• Task description
In your copy, each line below is repeated exactly and no image appears.

• Given records

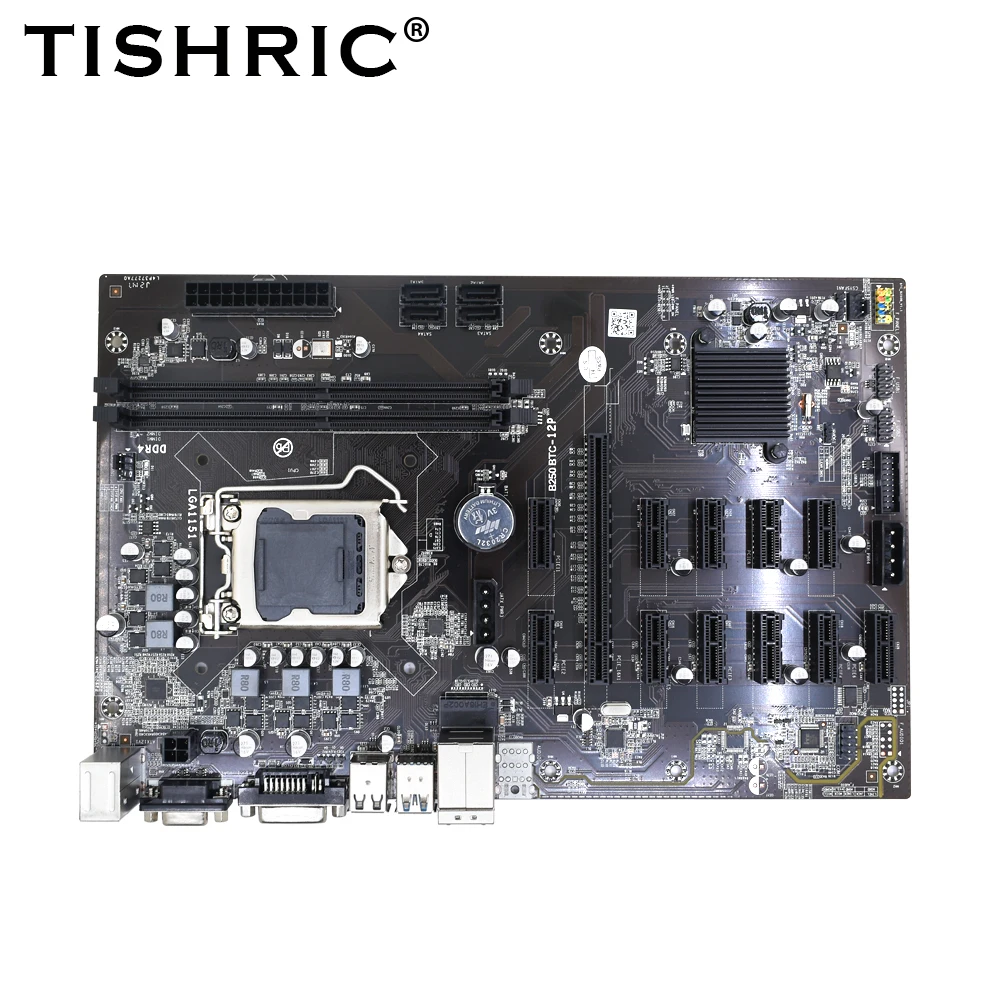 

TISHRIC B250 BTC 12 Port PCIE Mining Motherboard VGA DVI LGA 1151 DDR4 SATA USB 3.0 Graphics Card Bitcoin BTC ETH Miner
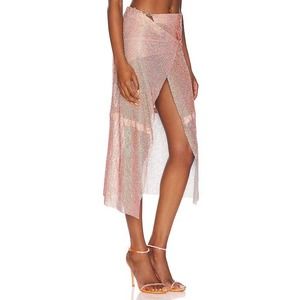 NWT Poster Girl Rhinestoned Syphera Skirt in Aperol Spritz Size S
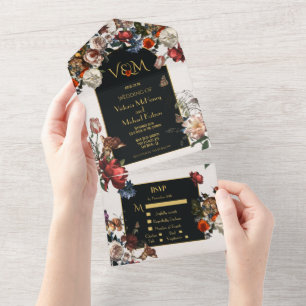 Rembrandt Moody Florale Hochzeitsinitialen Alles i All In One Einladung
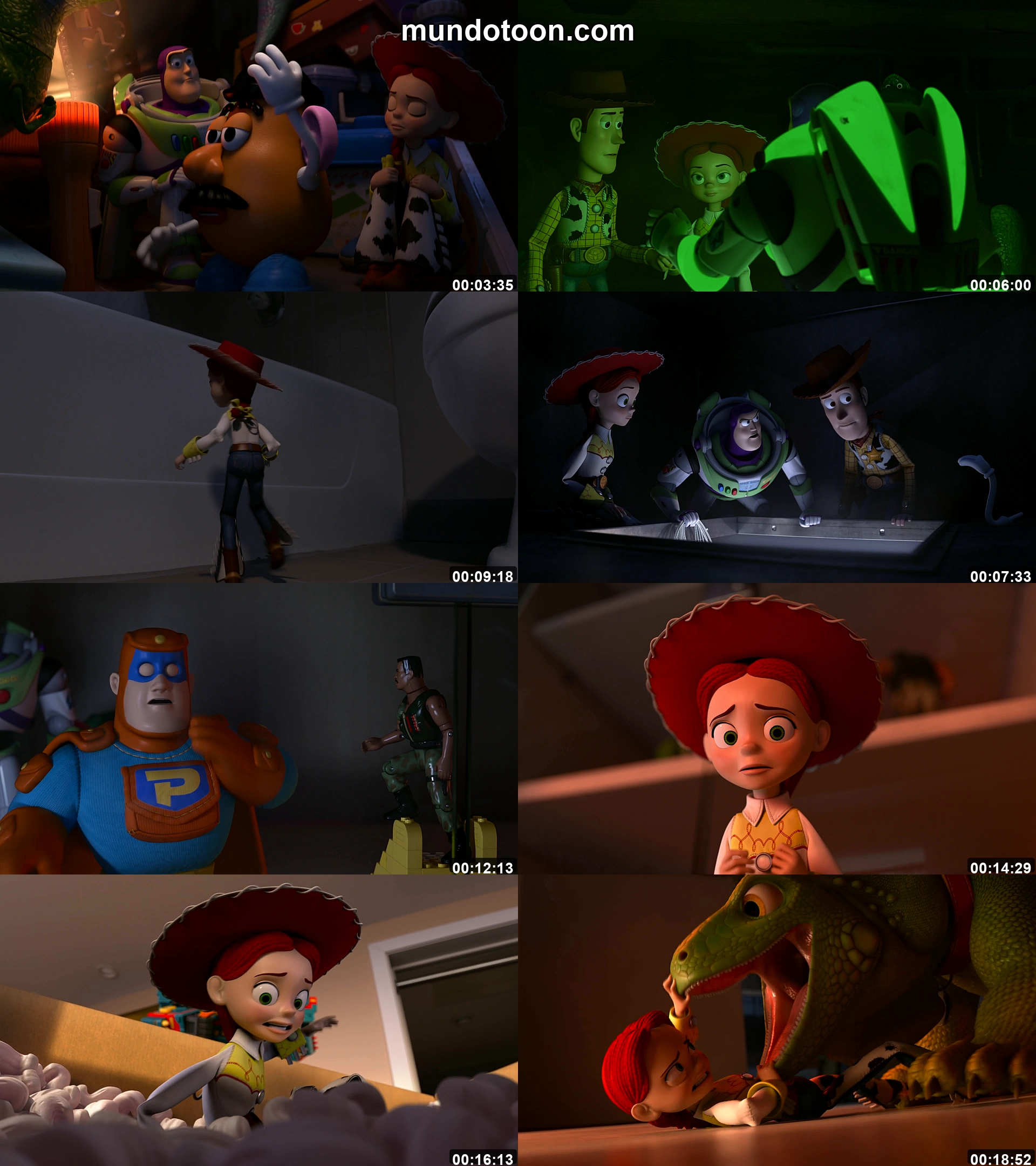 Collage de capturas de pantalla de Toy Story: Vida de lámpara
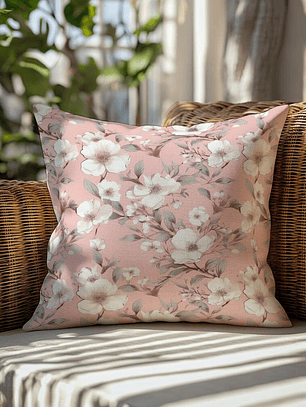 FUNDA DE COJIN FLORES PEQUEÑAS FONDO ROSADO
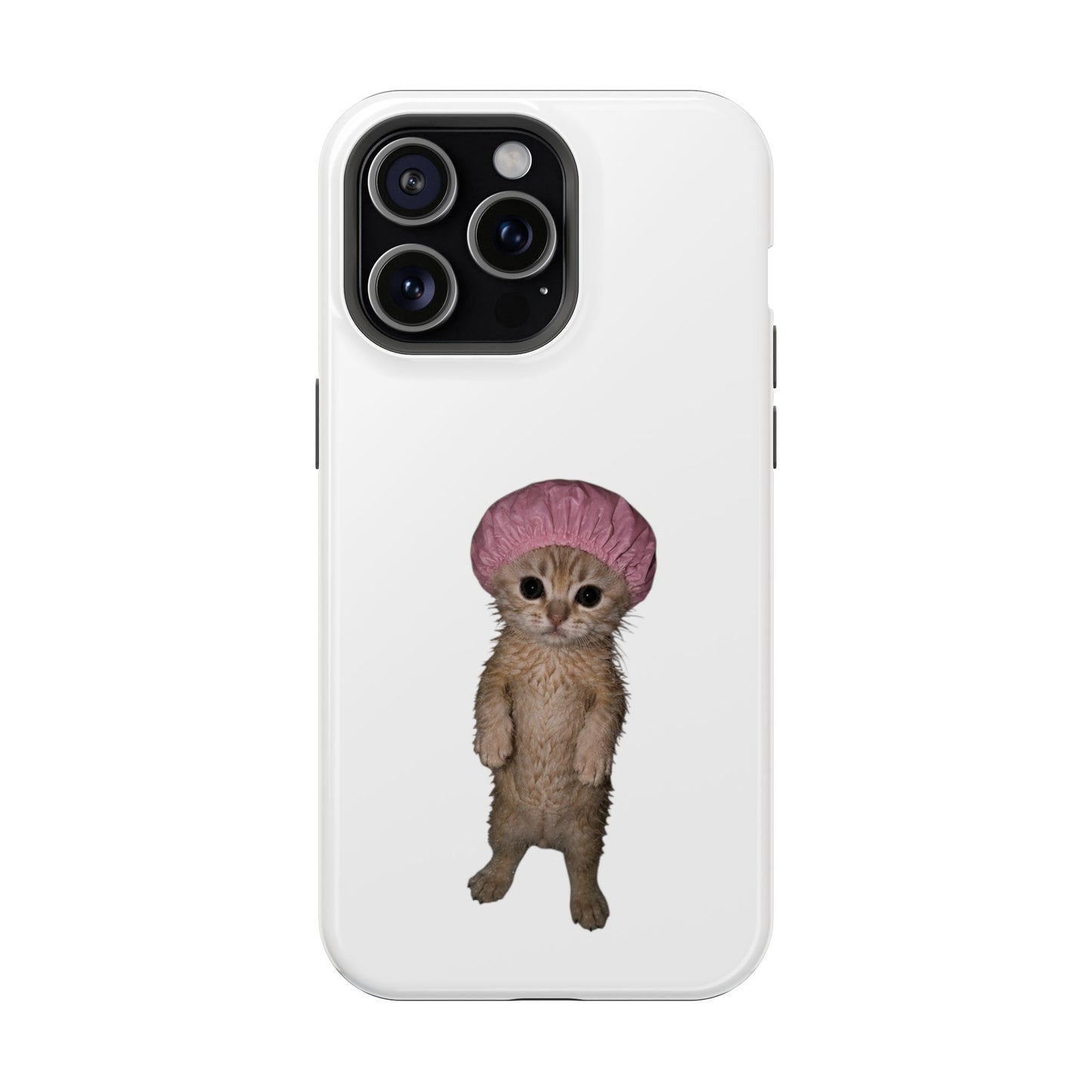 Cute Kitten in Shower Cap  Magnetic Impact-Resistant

• Exercise response
TISHRIC B250 BTC 12 Port PCIE Mining Motherboard VGA DVI LGA 1151 DDR4 SATA USB 3.0 Graphics Card Bitcoin BTC ETH Miner
 NWT Poster Girl Rhinestoned Syphera Skirt in Aperol Spritz Size S
 Rembrandt Moody Florale Hochzeitsinitialen Alles i All In One Einladung
 Collage de capturas de pantalla de Toy Story: Vida de lámpara
 FUNDA DE COJIN FLORES PEQUEÑAS FONDO ROSADO
 Cute Kitten in Shower Cap  Magnetic Impact-Resistant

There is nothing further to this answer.